Grand témoin de la crise algérienne et de la réconciliation qui s’en est suivie, l’ancien ministre algérien de la Communication et de la culture Mohammed Abbou a partagé son expérience, par la restitution du vécu pour «une marche vers le chemin de la paix en Libye». Il a souligné l’important rôle joué par la Charte nationale pour la paix et la réconciliation dans la sortie de crise; la charte de la concorde civile et la réception de ceux qui avaient déposé les armes; la loi de la clémence qui a conduit à la réduction des peines. Pour lui «le terrorisme est un empêchement à la paix» et plombe l’économie, isole la Libye. Il décrie le silence assourdissant de la communauté internationale, le projet radical de l’opposition, «venu de l’extérieur».

 

Les migrations, «un jeu perdant» pour tous

La sénatrice Michèle André qui intervenait sur le volet migration, a décrit le désintéressement et la misère des migrants et des populations  sur les terrains de guerre en général et la fuite des femmes, victimes du fait guerrier avec leurs enfants, démunies, victimes de violences, de prostitution pour survivre. Elle invite à se préoccuper de ce qui se passe dans la bande du Sahel.

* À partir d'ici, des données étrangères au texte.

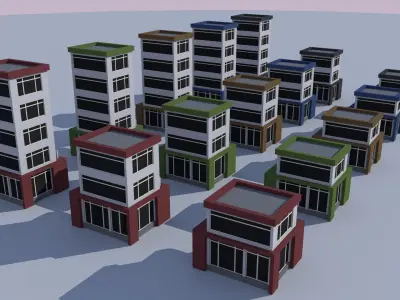 Cartoon Building Set Low Poly Building Commercial Beauty Low-poly 3D model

Le président du Forim, Thierno Camara a souligné la place et le rôle des migrations dans la gouvernance actuelle et le «jeu perdant pour les migrants, les pays d’origine, les pays d’accueil et les pays de transit». Il invite à repenser la gestion des flux migratoires et s’oppose à la nouvelle affectation d’une partie de l’aide publique au développement (APD) à la lutte contre l’immigration. Sur les 3,5% de migrants enrgistrés sur la planète, seulement 20% se situent dans les pays développés. Il appelle à «sortir de l’instrumentalisation politique des faits migratoires». Il s’offusque que tout soit mobile de nos jours (les transactions financières, les biens...) sauf l’humain» et appelle les institutions africaines à jouer leur rôle.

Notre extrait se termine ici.